As for the entire idea behind the show’s two timelines — which allow for us to begin the story before we even meet Duntsch and end long after he’s said his final line — that was a very calculated choice.

See below for Macmanus’ full explanation of his timelines device:

“It was a very conscious choice. It was a choice from the beginning that we were going to tell this story in two timelines that sort of track with each other until they run into each other in Episode 7. And the reason for that was, a) mechanical, which is that if we didn’t do it that way, we wouldn’t have met Alec [Baldwin, who portrays Dr. Robert Henderson], Christian [Slater, who plays Dr. Randall Kirby] or AnnaSophia’s characters until Episodes 5 or 6 out of eight, which you just can’t do that. But the other part of it was that I just personally am a fan of dual timelines. I’m a fan of something being stated here and then watched here or dramatized here. And you’re like, ‘Oh, I remember when they talked about that over there!’ I find that to be the kind of storytelling where you’re forced to go back and re-watch it again because you pick up on new clues every single time. There are a lot of clues throughout the show that people may miss — and that’s OK.

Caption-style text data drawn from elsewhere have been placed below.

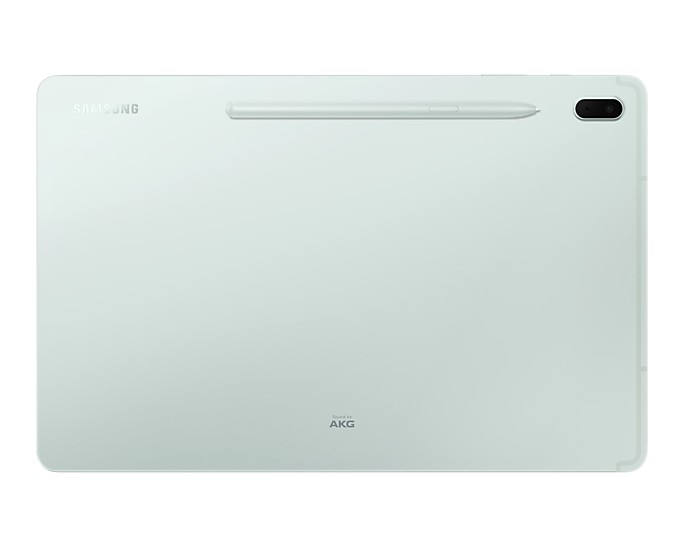 Samsung Galaxy Tab S7 FE - T733, 4/64GB, green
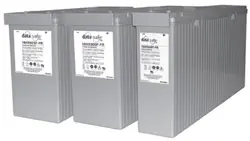 EnerSys DataSafe HX Front Terminal Battery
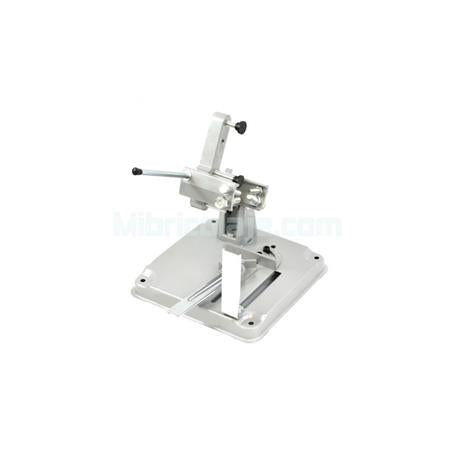 Radial support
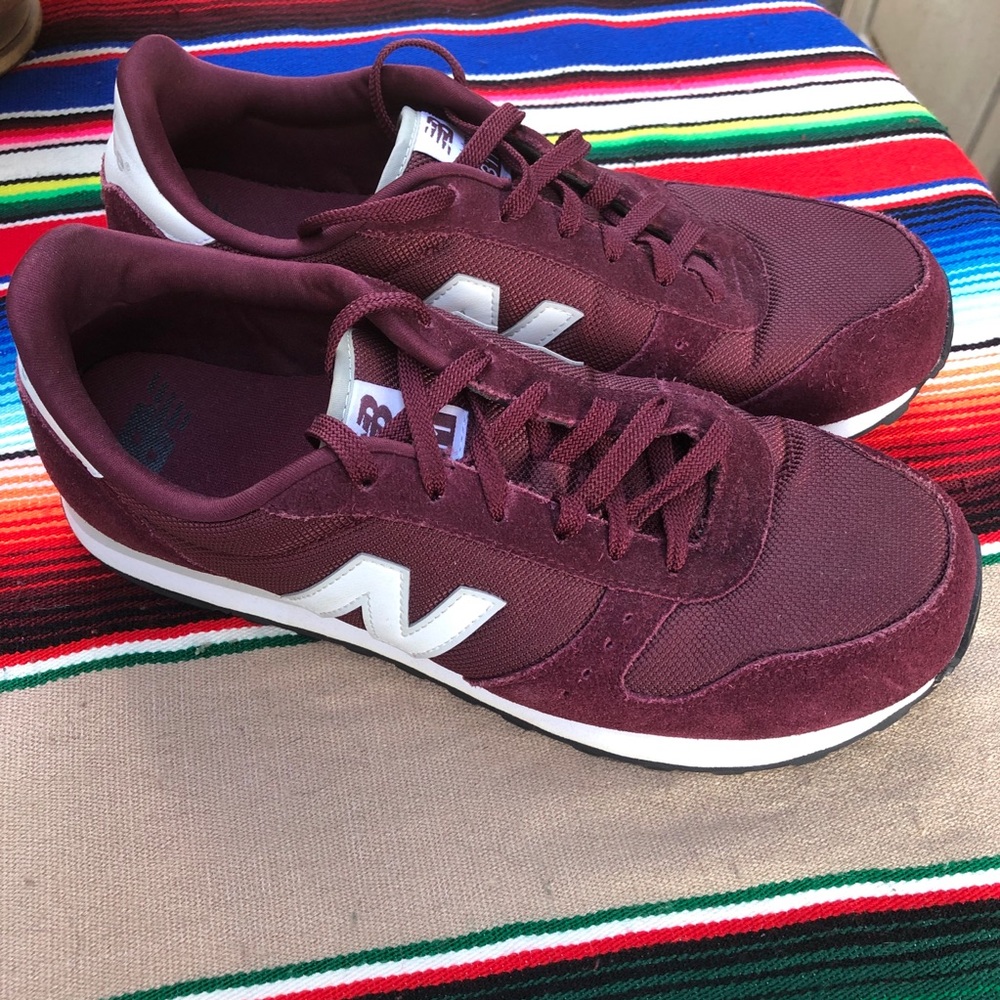Men’s NWOT New Balance 311 classic sneaker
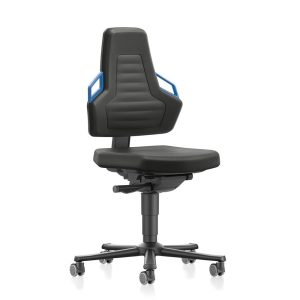 RADNA ANTISTATIČNA STOLICA NEXXIT 2 S KOTAČIMA - Slika 5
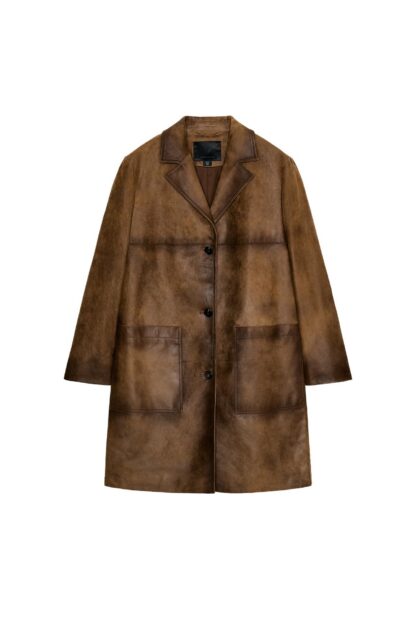 کت زنانه زارا - 05761041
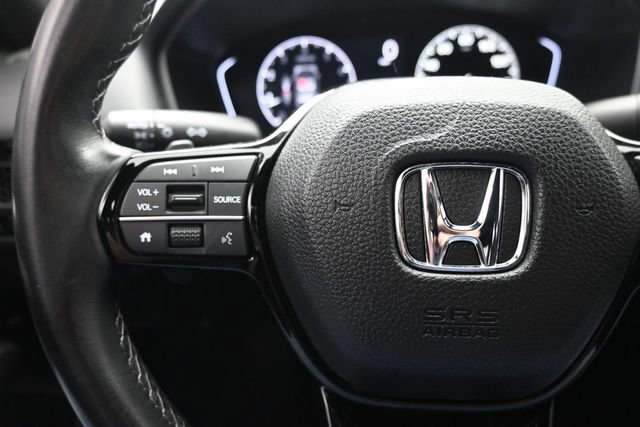 Used 2022 Honda Civic Sport image 25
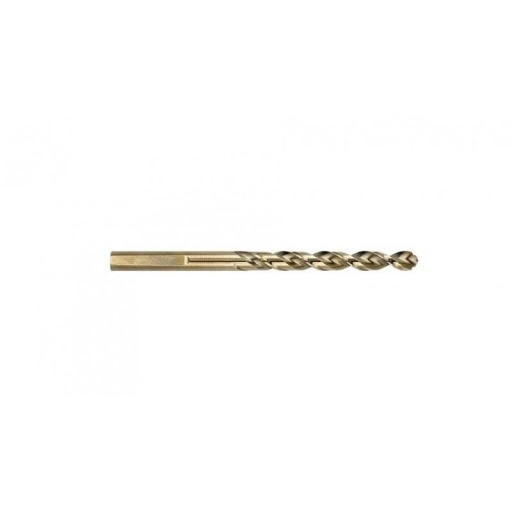 Set 2 Burghie DEWALT, pentru metal, 3.5 mm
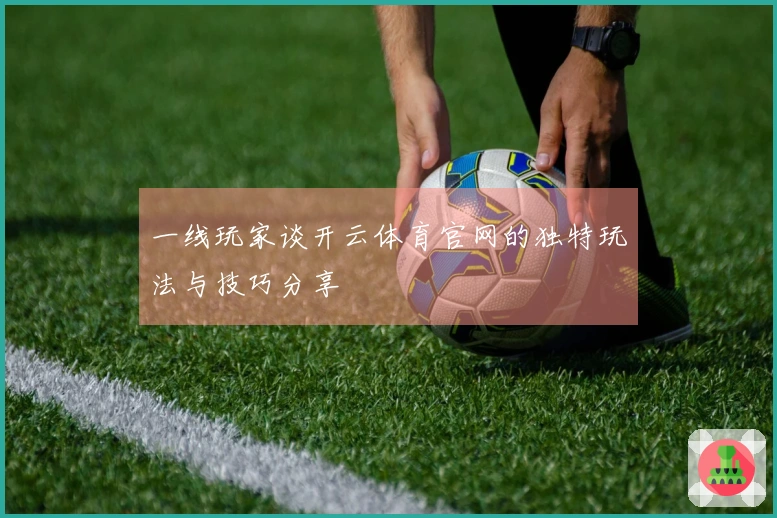 一线玩家谈开云体育官网的独特玩法与技巧分享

“As it relates to starting on Henderson and Kirby and then meeting Duntsch, very conscious. That was because I liked this idea that we, the audience, were in the dark as much as our heroes were about who this guy was. They’re saying, ‘How does he have this education? How does he work at these hospitals? It can’t be that he could be this bad.’ Then we met him and we’re like, ‘This guy is charming and so handsome! And I go to be operated on by him!’ — only to watch it devolve along the way. So that was very purposeful. It was actually the very first thing that I came up with in the pilot, quite frankly.

“As it relates to the finale, he didn’t talk in trial, so we couldn’t do that. So we used all of the other scenes that are sprinkled throughout, especially his time with Carrie Preston, with Robbie McClung, his attorney and with his dad to allow him to emote and talk about the experience of going through this trial.

“Everyone who we interviewed who was in the court that day, or over the course of those couple of weeks, said that they saw a turn in Duntsch during the doctors’ testimonies, where it seemed he finally got that he was the one responsible. And that was something that we really drilled down on with Josh, was that moment of revelation for Christopher Duntsch as character, where he finally says, ‘It’s not the hospital’s fault or the patient’s fault, it’s my fault,’ which then fuels that scene with his dad at the end when he says, ‘I just want to go back to my research. I just want to go back to my research,’ which is so heartbreakingly performed by both of those actors.

All eight episodes of “Dr. Death” are streaming now on Peacock.